NCT04299490 · Status: COMPLETED · Phase: PHASE2 · Type: INTERVENTIONAL · Enrollment: 148

Last updated 2025-09-24

No results posted yet for this study

Summary

The overall goal of this project is to determine whether common sleep disturbance patterns, sleep continuity disturbance (SCD) and Sleep Fragmentation (SF), alter cerebral study drug receptor availability, drug-based analgesia, and drug abuse liability. The investigators specifically aim to: 1) evaluate whether experimental SCD and/or SF alter resting or pain-evoked receptor binding potential in brain regions associated with pain inhibition; 2) examine whether SCD and/or SF alters the analgesic response and abuse liability profile of a study medication; and 3) determine whether receptor binding potentials in brain regions of interest are associated with study medication analgesia and abuse liability.
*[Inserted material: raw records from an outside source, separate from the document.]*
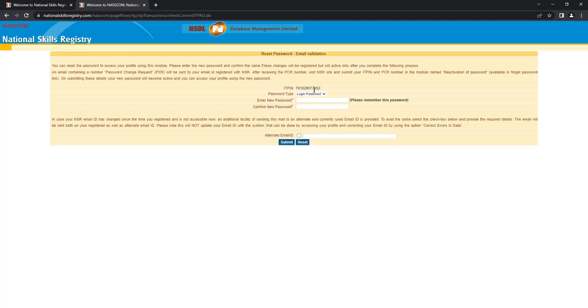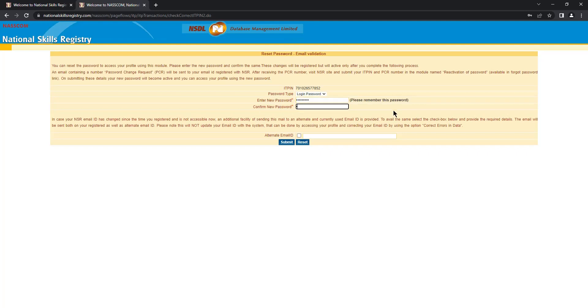Here you have to enter your new password. Make sure your password contains one uppercase, one special character and one numerical. Please remember this password or note it down somewhere. If your existing email ID is not working, you can use an alternate email ID option to receive your password change request number.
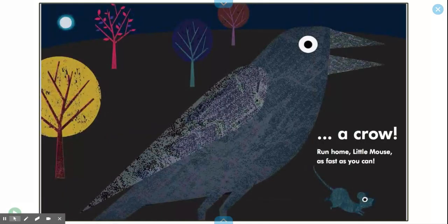Listen closely, Little Mouse. It's a crow! Run home, Little Mouse, as fast as you can.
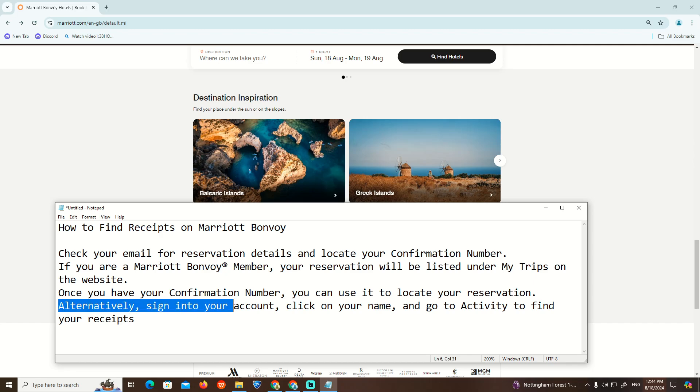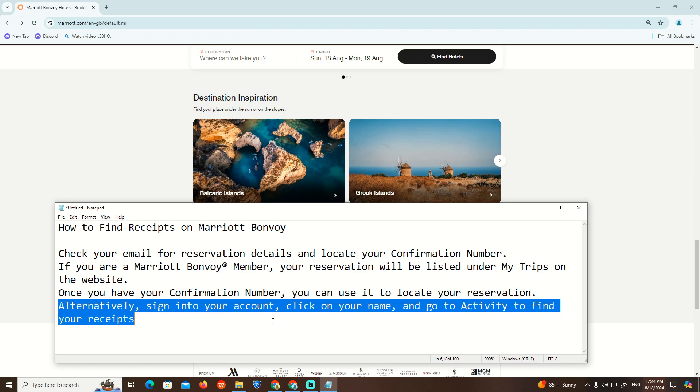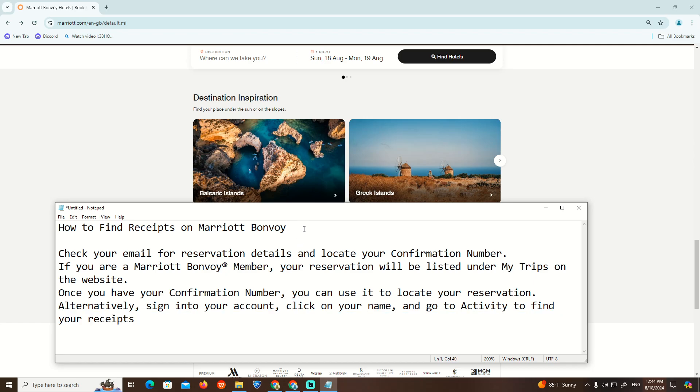Alternatively, sign in to your account, click on your name and go to Activity to find your receipts. So that is all about it guys. Thank you for watching.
The investigators will also evaluate the extent to which associations differ by sleep condition or sex.

Conditions

  • Sleep Disorder
  • Healthy

Interventions

BEHAVIORAL

Sleep Fragmentation

Subjects are provided an 8-hour sleep opportunity. Two speakers are placed 12 inches from the head of the bed and four remote-activated mechanical vibrators are placed underneath the mattress. EEG microarousals (\>3 s), as defined according to standard criteria, are elicited at a frequency of 30 or more events per hour.

DRUG

Within-Subject test of blinded study medication (stimulant, benzodiazepine, opioid, cannabinoid, over-the-counter pain medication, or placebo)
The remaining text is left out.